Buy-Side: Larger PE shops (on the deal side) are likely a very long shot due to the non-traditional path. HF? Maybe a fund that focuses on value-altering catalysts (e.g., Bankruptcy, Restructuring events, Distressed), but--again--you'll need to know the 'legalese' taxonomy, fully understand public/private debt's role in the cap structure, show a background of being a subject matter expert in the implications on debt and/or equity value due to these events. VC? This would be a leap. Can't see any overlap in what you're doing now and what VC would want. I'm just speculating here, but I could potentially see an FP&A, Strategy, and/or 'workout' kind of role at the PE PortCo (individual or multiple portfolio companies) level.

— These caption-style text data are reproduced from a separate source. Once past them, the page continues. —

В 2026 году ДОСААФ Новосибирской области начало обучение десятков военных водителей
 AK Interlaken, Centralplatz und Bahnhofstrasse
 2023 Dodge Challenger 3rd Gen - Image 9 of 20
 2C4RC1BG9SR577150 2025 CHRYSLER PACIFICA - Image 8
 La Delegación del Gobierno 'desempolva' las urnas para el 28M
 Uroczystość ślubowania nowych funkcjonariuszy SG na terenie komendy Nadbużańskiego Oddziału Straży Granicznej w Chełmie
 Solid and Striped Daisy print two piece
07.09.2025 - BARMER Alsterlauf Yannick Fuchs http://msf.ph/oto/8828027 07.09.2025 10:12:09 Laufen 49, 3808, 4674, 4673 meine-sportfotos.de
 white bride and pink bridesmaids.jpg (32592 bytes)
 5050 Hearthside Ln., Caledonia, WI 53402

Meaning, you wouldn't sit with the deal team, but perhaps at an investment that's either going sideways or needs someone with your background to find/fix the upside via restructuring. Then--once you show your value--work your way up to the deal team. Again, this won't be the KKRs/Apollos/etc. of the world, but a respectable middle-market shop? Could be an opening to the big league (deal team). The saying of 'once you're in, you're in' has some merit. Meaning you could get a seat on the deal team and then lateral to a bigger shop. It's a long-term play and by no means guaranteed, but could be interesting.

  • Associate 1 in IB - Cov
Feb 5, 2022 - 4:48pm

I completely agree with your thoughts as an analyst. I Joined ib after my mba and am now questioning my choice. While I love finance, it seems like most mba associates end up exiting to Corp dev or Strat rather than buyside roles. Corp dev and Strat seem just as easier or easier to get out of consulting except while in consulting you at least have your weekends and some flexibility. Comp is definitely better in Ib but if you're only sticking around for a few years the difference becomes less meaningful. 
 

how is your lifestyle in consulting? Am I being too negative to say I couldn't get a HF role after being an IB associate?